A MOTHER'S DAY tradition I remember with nostalgia is the mother-daughter banquet held annually at the church we attended in our small town in Ohio. Each year, my mother, sister and I would put on our nicest dresses (some years they matched) and head for the church with our covered-dish specialty.
Once there, we sat with cousins and friends, listened to the minister's wife talk about the importance of mothers and sang songs. Some of these banquets were better than others, and those were the ones that featured a fashion show. What fun it was to see our friends model the newest arrivals from the local department store.
Tonight, you can experience a home-grown fashion show and the friendliness of a church-sponsored dessert at St. Paul's United Methodist Church in New Windsor.
Desserts are homemade brownies and cookies, baked by the women at the church. Fashions are the newest summer arrivals from Leggett at Cranberry Mall. Leggett's special events coordinator, Nikki Smelser, will narrate the show. Models are church members Jamie Alban, Mary Anna Lee, Jason, Jeremy and Neal Roop, Kristen Walters, Debbie, Becky and Heather Arnold, Dori Thompson, Kim Nichols, Megan Roop, Ted Ridgely, Polly Dayhoff, Marcia Smith, Janet Colburn, and Glenda Warehime. Regina Roop chairs the event this year.
The backdrop for the show is very simple -- patio furniture and backyard flowers, Roop says. Some individuals and businesses have donated door prizes, including fragrance packages from Leggett.
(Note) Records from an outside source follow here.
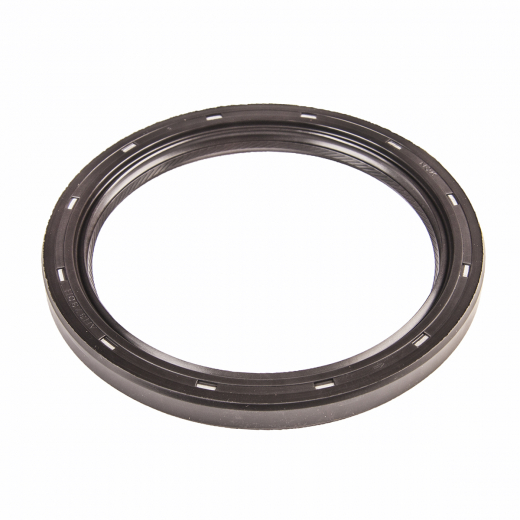 Сальник коленвала задний двигателя 3E, 5E-FE, 3Y-E NOK AH3730-H0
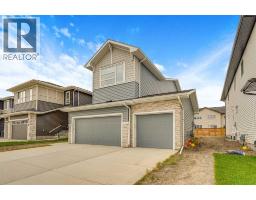 95 Dawson Wharf Mount - photo 2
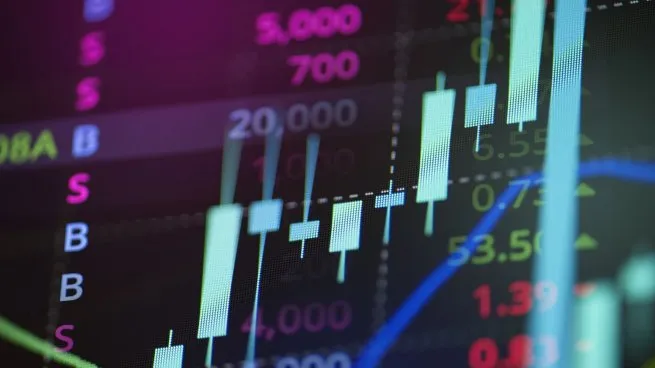 S&P Merval Extiende Racha Positiva y ADRs Vuelan en Una Jornada Clave para la Deuda Pública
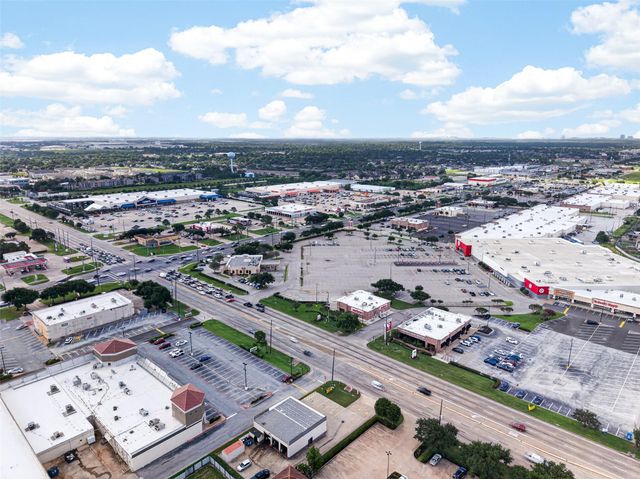 16006 Peach Bough Lane, Houston, TX 77095
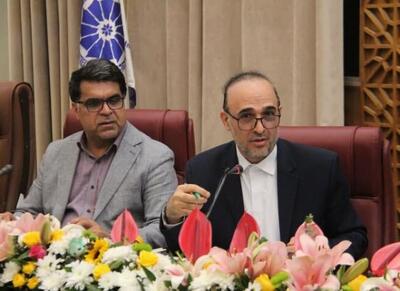 کاهش آسیب‌های اجتماعی با اقتصاد سامان‌یافته - اکونیوز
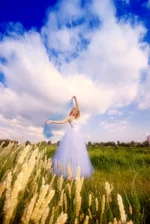 DSC06158.webp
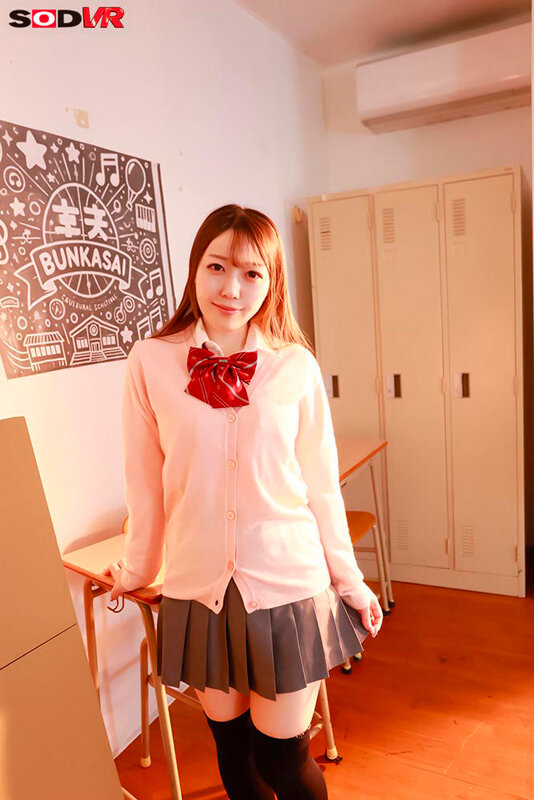 Gallery 14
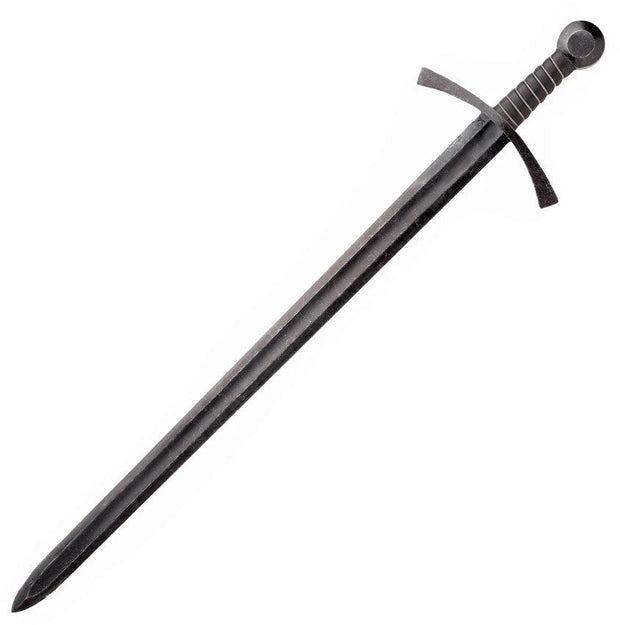 Windlass Acre Crusader Broadsword 501509 by Windlass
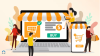 Ecommerce Web Design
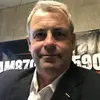 kurt_schlichter - @kurtschlichter24 - TikTok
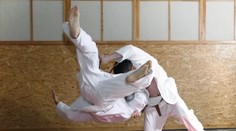 Olympionik-neolympionik, medailista z Pekingu skončil vo väzení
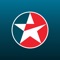 Get Pumped when you sign up to the Caltex App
Doris Brown, also a member at St. Paul's, originated the idea for a fashion show six years ago. "These shows are always enjoyable," she said. "Trying on the clothes and watching all the people come to the show is a lot of fun."
Tonight's program begins with dessert at 6: 30. The fashion show starts at 7: 15 p.m. Tickets cost $5; proceeds benefit church programs. Information: 635-2519.
Sculptor's work on exhibit
Congratulations to artist Jo Israelson of Union Bridge. The sculptor has completed "Crossroads," a work that is part of a 12th Anniversary Exhibition featuring the creations of Sculptors Incorporated, a group of about 50 sculptors from the Baltimore area.
The exhibit is at Mill River Gallery, an old mill that is an artists' studio in Ellicott City. Israelson's permanent work there is outside. She took a space that was "nothing special" and transformed it into a labyrinth, an intricate walking path that includes a limestone bench for meditation. Israelson worked 20 straight days on the project, hauling dirt, mulch, slate, plants and tree trunks to complete the living sculpture.
"There's something very magical in taking an abused or unused space -- something that's not very interesting visually or spiritually -- and transforming it into a place that people notice, and where they stop and talk," Israelson says.
Israelson says she hopes that people will use the path to take time to evaluate where they are in life, and where they want to go. In her labyrinth, one takes the same path in and out, a metaphor, she observes, for our lives. The sculpture is a prototype for other labyrinths that Israelson will construct around Baltimore.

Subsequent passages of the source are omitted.